Supplied material:

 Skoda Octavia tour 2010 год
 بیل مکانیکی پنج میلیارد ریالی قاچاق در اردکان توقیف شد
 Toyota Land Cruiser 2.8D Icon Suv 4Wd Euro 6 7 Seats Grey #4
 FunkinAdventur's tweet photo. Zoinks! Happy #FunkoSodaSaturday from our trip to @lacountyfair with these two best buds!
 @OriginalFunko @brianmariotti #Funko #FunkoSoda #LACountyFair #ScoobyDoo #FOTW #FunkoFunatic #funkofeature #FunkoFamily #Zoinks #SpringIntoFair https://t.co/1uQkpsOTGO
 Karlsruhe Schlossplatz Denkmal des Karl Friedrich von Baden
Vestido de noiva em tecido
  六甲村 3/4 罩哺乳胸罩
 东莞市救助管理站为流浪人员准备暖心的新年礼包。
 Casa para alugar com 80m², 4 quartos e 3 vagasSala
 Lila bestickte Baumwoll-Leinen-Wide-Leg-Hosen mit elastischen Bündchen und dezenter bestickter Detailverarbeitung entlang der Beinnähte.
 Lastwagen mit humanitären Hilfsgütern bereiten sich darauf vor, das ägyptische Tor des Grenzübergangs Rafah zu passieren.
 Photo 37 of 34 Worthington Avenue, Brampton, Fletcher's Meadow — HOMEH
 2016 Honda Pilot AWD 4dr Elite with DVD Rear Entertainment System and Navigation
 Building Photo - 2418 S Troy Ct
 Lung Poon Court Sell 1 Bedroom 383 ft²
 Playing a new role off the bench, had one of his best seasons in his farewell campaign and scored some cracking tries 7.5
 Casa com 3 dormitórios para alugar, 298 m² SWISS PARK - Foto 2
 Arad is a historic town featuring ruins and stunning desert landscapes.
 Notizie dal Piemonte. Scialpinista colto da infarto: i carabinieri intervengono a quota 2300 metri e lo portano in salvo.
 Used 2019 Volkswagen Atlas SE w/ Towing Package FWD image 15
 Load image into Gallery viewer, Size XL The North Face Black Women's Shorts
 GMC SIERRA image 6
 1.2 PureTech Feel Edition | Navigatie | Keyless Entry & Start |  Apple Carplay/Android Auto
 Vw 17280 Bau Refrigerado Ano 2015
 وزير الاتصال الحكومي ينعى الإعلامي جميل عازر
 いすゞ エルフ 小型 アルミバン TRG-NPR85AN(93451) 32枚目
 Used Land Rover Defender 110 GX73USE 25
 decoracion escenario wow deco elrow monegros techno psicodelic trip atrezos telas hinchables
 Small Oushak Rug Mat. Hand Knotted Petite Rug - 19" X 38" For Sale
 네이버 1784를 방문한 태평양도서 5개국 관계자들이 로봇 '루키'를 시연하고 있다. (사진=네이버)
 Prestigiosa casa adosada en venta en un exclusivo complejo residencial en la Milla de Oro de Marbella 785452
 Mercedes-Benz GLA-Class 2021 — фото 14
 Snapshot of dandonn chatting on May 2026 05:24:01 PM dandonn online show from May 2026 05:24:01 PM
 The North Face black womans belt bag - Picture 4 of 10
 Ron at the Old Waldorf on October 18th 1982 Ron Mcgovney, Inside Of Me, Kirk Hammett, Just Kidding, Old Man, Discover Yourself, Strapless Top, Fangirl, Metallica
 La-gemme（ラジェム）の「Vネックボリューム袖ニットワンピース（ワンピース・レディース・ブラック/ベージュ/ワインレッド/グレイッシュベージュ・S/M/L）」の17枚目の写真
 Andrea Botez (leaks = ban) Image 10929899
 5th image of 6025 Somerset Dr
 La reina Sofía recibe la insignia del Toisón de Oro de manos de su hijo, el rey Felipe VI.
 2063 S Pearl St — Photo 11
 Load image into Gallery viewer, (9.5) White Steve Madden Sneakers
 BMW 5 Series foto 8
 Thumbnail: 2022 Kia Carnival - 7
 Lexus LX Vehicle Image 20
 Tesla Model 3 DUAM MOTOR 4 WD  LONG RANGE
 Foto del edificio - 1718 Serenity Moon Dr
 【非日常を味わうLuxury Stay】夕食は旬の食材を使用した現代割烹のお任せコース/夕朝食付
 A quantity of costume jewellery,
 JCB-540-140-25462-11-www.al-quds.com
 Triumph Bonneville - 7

Exercise objective:
The answer should contain only the lines from the first line of the entries through the line holding "Arad is a historic", each exactly as written.

Finished exercise:
 Skoda Octavia tour 2010 год
 بیل مکانیکی پنج میلیارد ریالی قاچاق در اردکان توقیف شد
 Toyota Land Cruiser 2.8D Icon Suv 4Wd Euro 6 7 Seats Grey #4
 FunkinAdventur's tweet photo. Zoinks! Happy #FunkoSodaSaturday from our trip to @lacountyfair with these two best buds!
 @OriginalFunko @brianmariotti #Funko #FunkoSoda #LACountyFair #ScoobyDoo #FOTW #FunkoFunatic #funkofeature #FunkoFamily #Zoinks #SpringIntoFair https://t.co/1uQkpsOTGO
 Karlsruhe Schlossplatz Denkmal des Karl Friedrich von Baden
Vestido de noiva em tecido
  六甲村 3/4 罩哺乳胸罩
 东莞市救助管理站为流浪人员准备暖心的新年礼包。
 Casa para alugar com 80m², 4 quartos e 3 vagasSala
 Lila bestickte Baumwoll-Leinen-Wide-Leg-Hosen mit elastischen Bündchen und dezenter bestickter Detailverarbeitung entlang der Beinnähte.
 Lastwagen mit humanitären Hilfsgütern bereiten sich darauf vor, das ägyptische Tor des Grenzübergangs Rafah zu passieren.
 Photo 37 of 34 Worthington Avenue, Brampton, Fletcher's Meadow — HOMEH
 2016 Honda Pilot AWD 4dr Elite with DVD Rear Entertainment System and Navigation
 Building Photo - 2418 S Troy Ct
 Lung Poon Court Sell 1 Bedroom 383 ft²
 Playing a new role off the bench, had one of his best seasons in his farewell campaign and scored some cracking tries 7.5
 Casa com 3 dormitórios para alugar, 298 m² SWISS PARK - Foto 2
 Arad is a historic town featuring ruins and stunning desert landscapes.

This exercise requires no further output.